The order died upon his lips, and he and I and all of us sat forward, staring in hang-jawed amazement.

From the tunnel leading to the ancient dungeons at the back of the arena, a slender figure came, paused a moment at the altar steps, then mounted them in three quick strides.

It was Jules de Grandin.

He was in spotless khaki, immaculate from linen-covered sun-hat to freshly polished boots; his canvas jacket and abbreviated cotton shorts might just have left the laundress’ hands, and from the way he bore his slender silver-headed cane beneath his left elbow one might have thought that he was ready for a promenade instead of risking almost sure and dreadful death.

Pardonnez moi. Messieurs—Mesdames” he bowed politely to the company of priests and women at the altar—“but this wedding, he can not go on. No, he must be stopped—right away; at once.”

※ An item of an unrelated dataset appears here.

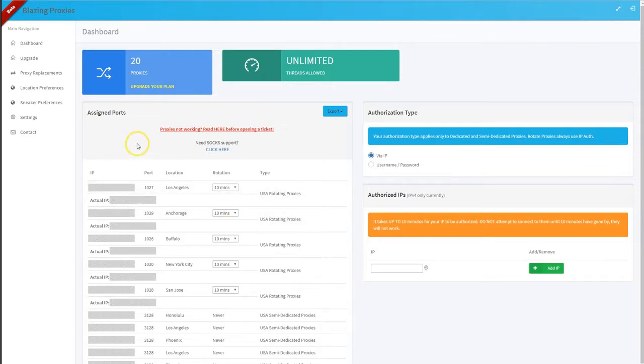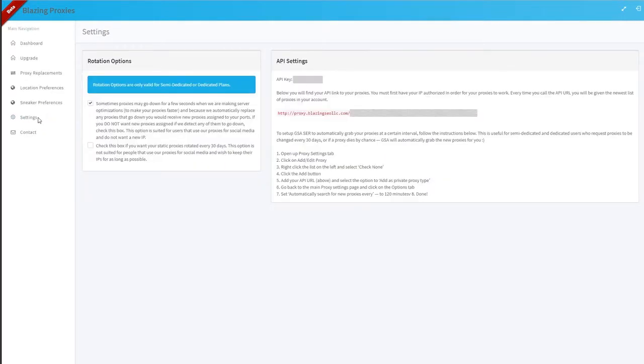I'm going to show you the rotation options in the proxy dashboard. In the proxy dashboard on the left side, if you go under settings, you can see the rotation options here.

The look upon the Red Priest’s face was almost comical. His big, sad eyes were opened till it seemed that they were lidless, and a corpse-gray pallor overspread his wrinkled countenance.

“Who dares forbid the banns?” he asked, recovering his aplomb with difficulty.

Parbleu,” the little Frenchman answered with a smile, “the British Empire and the French Republic for two formidable objectors; and last, although by no means least, Monsieur, no less a one than Jules de Grandin.”

“Audacious fool!” the Red Priest almost howled.

“But certainly,” de Grandin bowed, as though acknowledging a compliment, “l’audace, encore de l’audace, toujours de l’audace; it is I.”

The Devil’s Bride had reached the topmost step while this colloquy was toward. Absorbed in working herself up to the altar, she had not realized the visitor’s identity. Now, standing at the altar, she recognized de Grandin, and her pose of evil provocation dropped from her as if it were a cast-off garment.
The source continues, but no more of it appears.